Exercise instructions
Render every line of the data exactly as written, and leave out the pictures.

Given material
────────────────────────────────────────

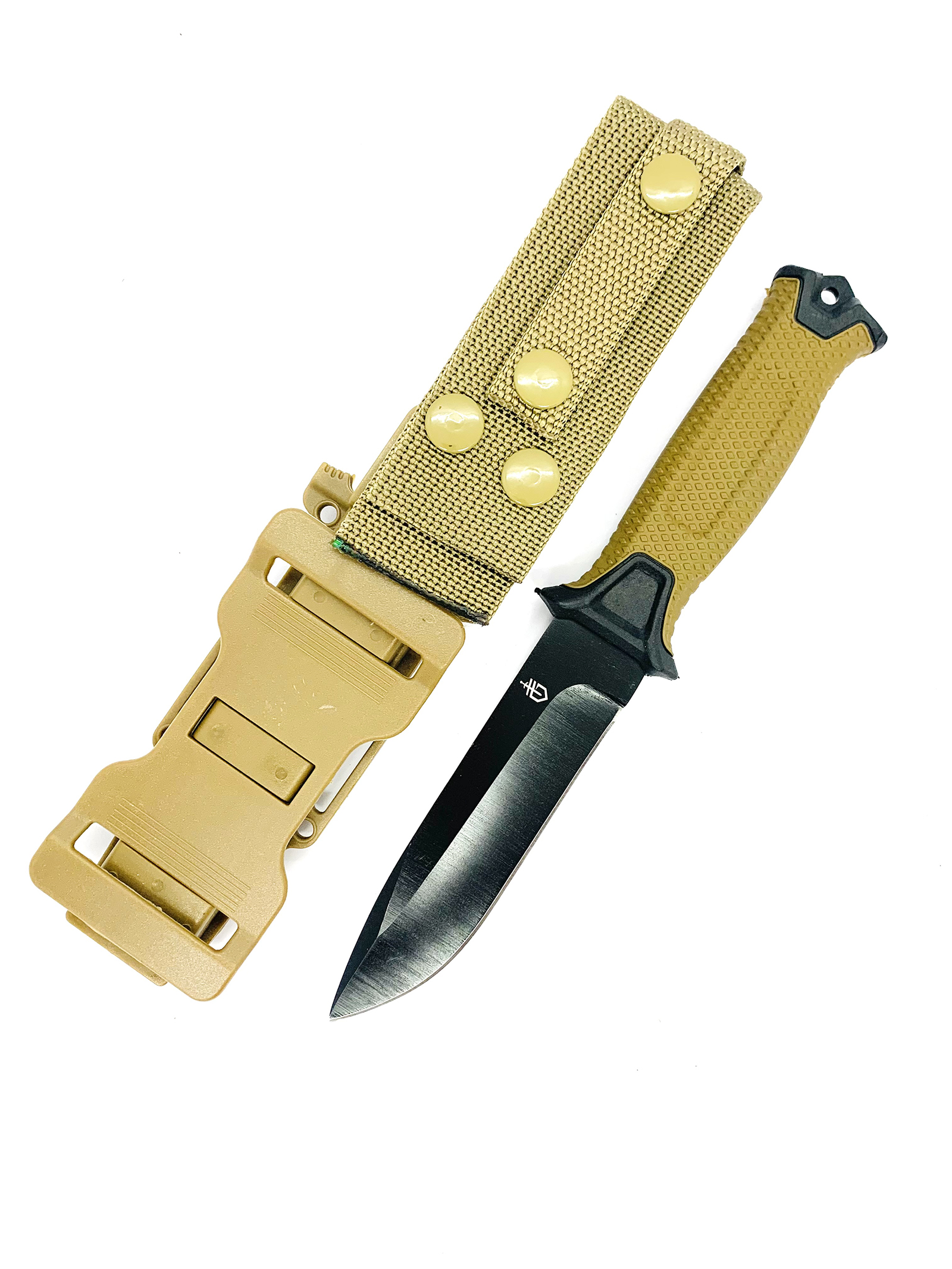Нож тактический Gerber 1214 песок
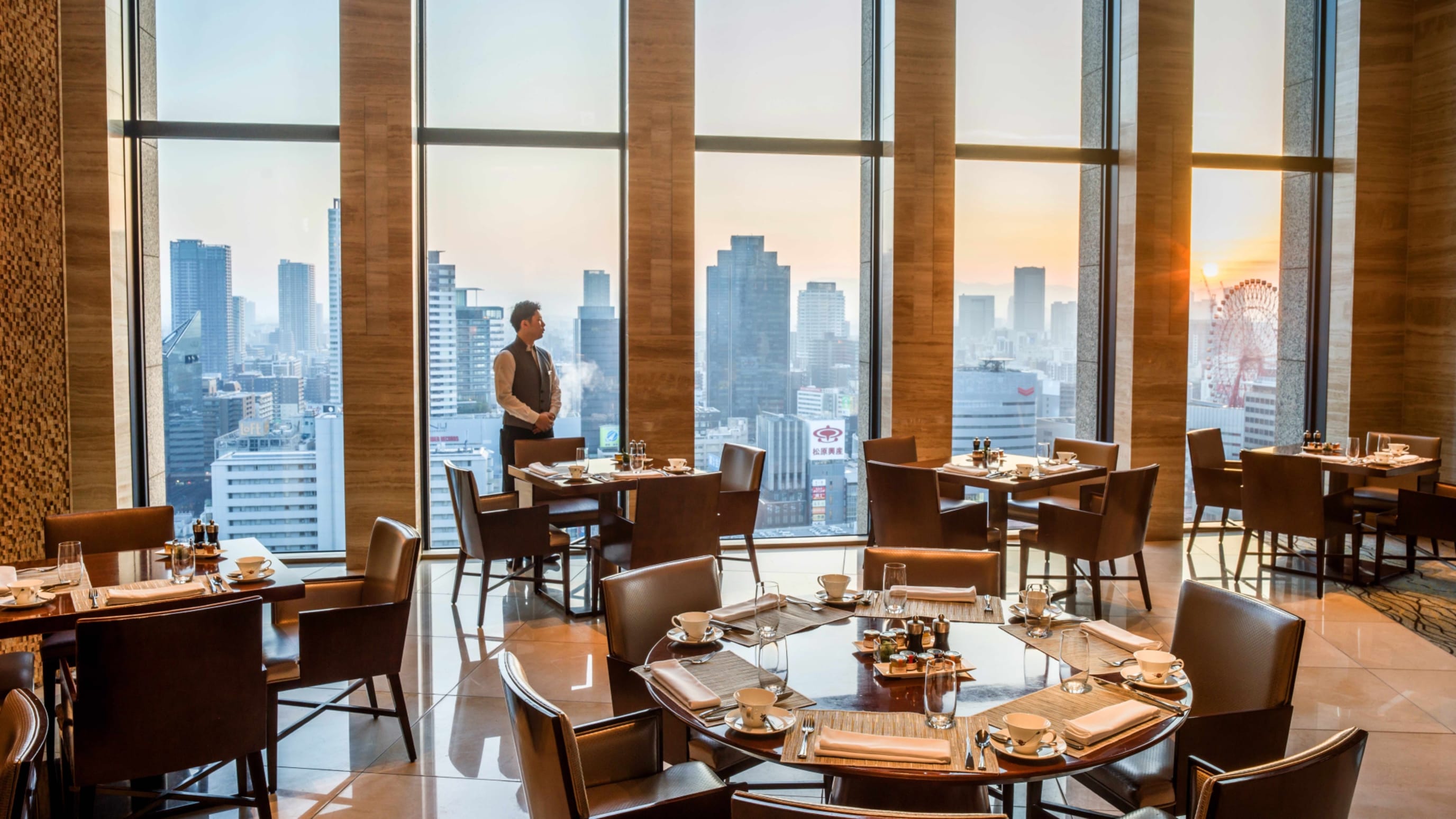 インターコンチネンタルホテル大阪 - 画像 8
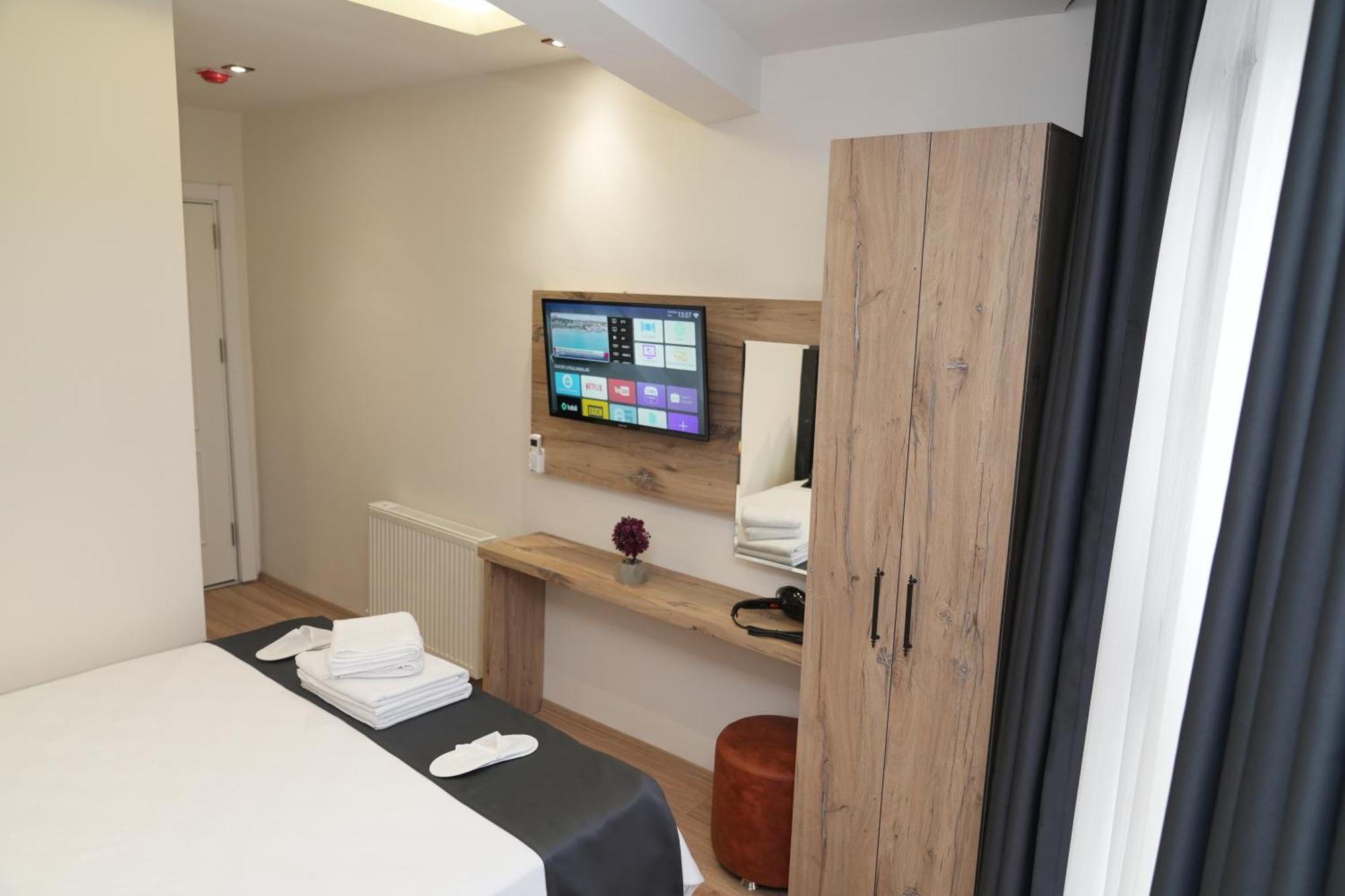 Hotel The Bail *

────────────────────────────────────────

Expected output
Нож тактический Gerber 1214 песок
 インターコンチネンタルホテル大阪 - 画像 8
 Hotel The Bail *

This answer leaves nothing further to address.